Macbeth (Michael Fassbender), bloody and filthy, in the heart of a battle.

Macbeth (Michael Fassbender), bloody and filthy, in the heart of a (cloudy) battle in the Scottish Highlands.

Kurzel’s Macbeth is based on the play, written by William Shakespeare. Macbeth, Thane of Cawdor (Michael Fassbender), receives a prophecy from three witches. They tell him that one day he will become King of Scotland and that no man of woman born will be able to kill him… although, they do warn him to be wary of Macduff (Sean Harris). Consumed by ambition and urged on by his manipulative wife, Lady Macbeth (Marion Cotillard), Macbeth acts to fulfil the prophecy. But at what cost?

Macbeth is a compelling and gripping film. Central to this are the performances. David Thewlis as Duncan is decent, and Sean Harris as Macduff is very good as usual. Yet, it is the two main performers that stand out. Both Michael Fassbender and Marion Cotillard are riveting. One may not always understand what they say since the movie is in Shakespearean English. But due to the strength and rawness of their performances, viewers can feel the emotion behind their words and, therefore, understand their actions.

It helps that audiences can empathise with Macbeth and Lady Macbeth straight from the off. Macbeth begins with Macbeth and Lady Macbeth suffering a tragic loss, and this loss never leaves them. No matter what they achieve, they are always looking back upon this loss and it devours them.

That this scene is not in the original script that Shakespeare wrote should not be of concern, even to play purists. In the play, this tragedy for Macbeth and Lady Macbeth is mentioned, so it is part of the story. But by showing the event and making it the opening scene of the film, Kurzel gives the event a gravitas that is lacking in the original play.

Macbeth greeting Duncan (David Thewlis) upon the latter's arrival at Cordor.

Macbeth greeting Duncan (David Thewlis) upon the latter’s arrival at Cawdor.

This alteration from the source material is not the only instance in which Kurzel plays fast and loose with Shakespeare’s version of the story. Nonetheless, for play purists to put too much stress on the alterations would be to miss what Kurzel keeps and enhances from the original play. What’s more, unlike other adaptations which have given Macbeth a more modern slant (for example, the 2013 London theatre production starring James McAvoy as the titular character), Kurzel has made his 2015 film adaptation more medieval. Consequently, the movie is bloody, grisly and muddy; all of which is fitting for the story.

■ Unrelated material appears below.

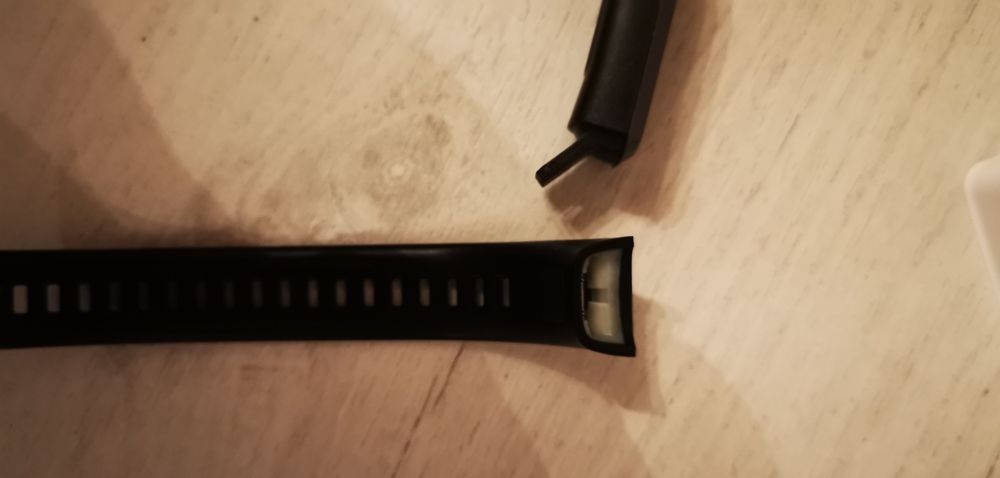 Смарт гривна Huawei Band 4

In addition, with the Scottish Highlands for the main setting, Kurzel has increased the authenticity of the play. The landscapes are apt and wondrous (perhaps even worth fighting for). Yet, the weather is grim, windy and rainy. These conditions breed miserable, nasty people who are devoid of humour. Indeed, the entire movie is devoid of humour and somehow that feels right.

Indeed, Kurzel gets much right. However, his version of Macbeth is not without its flaws: the movie should have been longer than 113-minutes, and some key scenes are missing; the first twenty minutes are heavily edited, to point that one could easily believe that Kurzel has ADD; the battles are underwhelming, difficult to see, and rely too much on (300-style) slow-motion followed by super-fast, killer moves; and the final scene is jarringly out of sync with medieval times.

Lady Macbeth (Marion Cotillard) trying to soothe her now kingly husband at Bamburgh Castle.

Lady Macbeth (Marion Cotillard) trying to soothe her now kingly husband at Bamburgh Castle.

Nevertheless, even in the scenes where Kurzel does not get everything right, one can still be overcome by the music. The score has been written by Justin’s brother, Jed, and it resonates deeply with audiences. The music enables one to feel Macbeth’s and Lady Macbeth’s triumphs. Yet, in the same beat, it also enables one to feel as if the couple are looking back longingly at the loss that they cannot get over.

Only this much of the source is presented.